Solving the puzzle of the performance-gap

Lochinvar, performance gap, plant sizing
Designing out the performance gap — David Pepper.

Clients are becoming increasingly frustrated by the building performance gap, but what can the commercial heating and hot water industry do about it, asks David Pepper of Lochinvar.

At the recent CIBSE ‘Leadership in Building Performance Conference’, clients’ frustration with the performance gap was clear to see. Louise Ellison, head of sustainability at the retail developer Hammerson, said it was puzzling that even some of the newest buildings were among the worst performers in terms of energy efficiency.

‘We need better data from the industry. You have the information; please share it with us so we know what we can expect and so that we don’t simply design just to comply with legislation,’ she told the conference.

She added that clients were becoming more energy aware and were now far more likely to ‘look under the bonnet’ to identify the long-term management risks posed by the buildings they buy.

The performance gap is also an expectation gap. Clients are not always clear about what they can expect from our industry, but they know that rising energy costs and buildings that perform poorly can have a direct impact on their profitability. In the absence of better information from us, they are bound to base procurement decisions on lowest common denominator legislative requirements or just to meet corporate social responsibility goals.

They, and we, can do better.

Delivering heating and hot water in an appropriate, reliable and cost-effective way is a key building-performance issue. The ability to closely match boilers and water heaters to predicted demand is an essential part of any modern energy-saving strategy. It is no longer acceptable to design for peak demand plus a generous margin for error because of the legacy of energy waste this builds into the system. However, we also have to cope with the vagaries of occupant behaviour.

Too many buildings continue to disappoint — and puzzle — their owners because they fail to meet the energy efficiency and comfort targets set when they were first designed. Much of this is down to poor design choices and the failings of the procurement process, but equally how systems are used and often allowed to ‘drift’ off course during a building’s lifetime can upset even the best laid plans.

Commercial heating designers and specifiers can play their part in narrowing the 'performance gap' that emerges over time by paying attention to the following points.

• Ensuring boilers and emitters are properly sized and commissioned;

• Ensuring that they can be closely controlled to adapt to changes in occupancy patterns and outside weather conditions

• Integrating them properly with the rest of the building systems.

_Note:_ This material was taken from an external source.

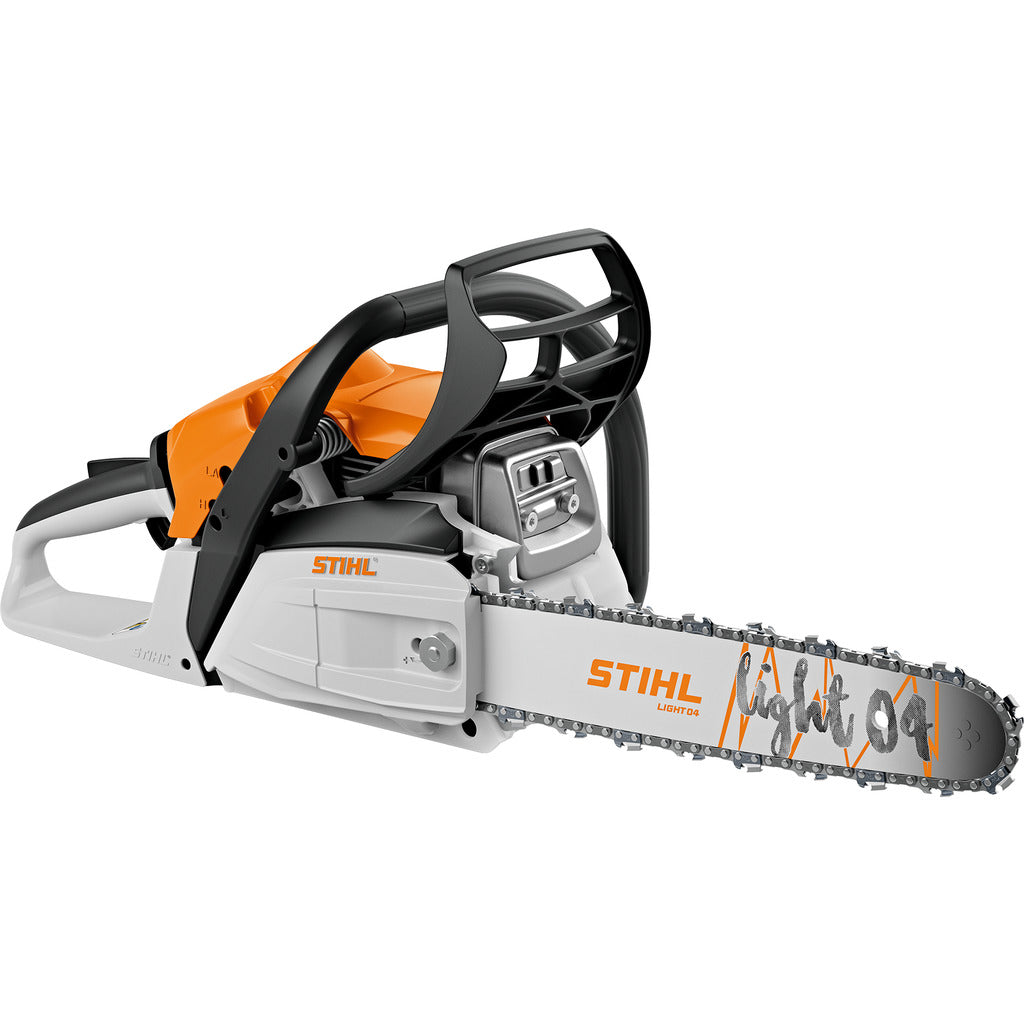Stihl petrol chainsaw MS 182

Crucially, they must be easy to maintain and control and as flexible as possible to limit any long-term undermining of the design intent.

Manufacturers of boilers and water heaters are innovating to build as much flexibility as possible into their systems to more closely match the aspirations of clients. We are rarely afforded the luxury of a direct conversation with the client, so it can be hard to analyse exactly how the building is to be used, However, we should have enough flexibility built into our products to cope.

For example, the concept of modulating pre-mix burners has been used in gas-fired condensing boilers for several years. It is a tried-and-tested philosophy, and most, if not all, modern boilers have a turndown ratio of at least 4:1. The real user benefit is gained from multiple boiler installations with cascade controls which can greatly enhance operating efficiency.

A 3-boiler cascade installation, for example, provides 12:1 turndown. This modulation ensures that boilers will not repeatedly ‘cycle’, but that they will react smoothly and gradually to demand. This is good for operating efficiency and longevity, and is largely immune to changes in occupant behaviour, providing the installation and commissioning team are given the opportunity to set up the system properly.

There is much talk about ‘soft landings’ and enabling the project team to remain engaged with the client post-occupancy so we can return to tweak and fine tune, but experience shows that this is rarely possible. Many buildings ‘drift’ away from their original design intent because users reset controls — or even turn them off completely.

Maintenance programmes are usually reactive rather than strategic. However, despite that, on-board controls that constantly measure and monitor operating conditions will keep the equipment as close to optimal operating settings as possible.

In other words, we must deliver our own version of soft landings on a more targeted and pragmatic basis — and, therefore, more financially realistic, because, at the end of the day someone has to pay. By focusing on product specific flexibility managed by on-board controls, we can smooth out some of the occupant behaviour issues that can lead to buildings drifting off course.

Although the recession is (largely) behind us, cost cutting — dressed up as ‘value engineering’ — is still the norm and continues to be driven by end users. The industry is still failing to get the message across that decisions based purely on securing the lowest possible capital cost will lead to higher energy bills and inflated maintenance costs, which the building owner will have to bear throughout a building’s lifetime.

Heating and hot-water suppliers have to work within these constraints, but we also have a responsibility to do our bit to narrow the performance gap to the best of our ability. By designing solutions that are flexible enough to adapt to changing demand patterns and operating conditions, at least we can solve our part of the performance puzzle.

David Pepper is managing director of Lochinvar.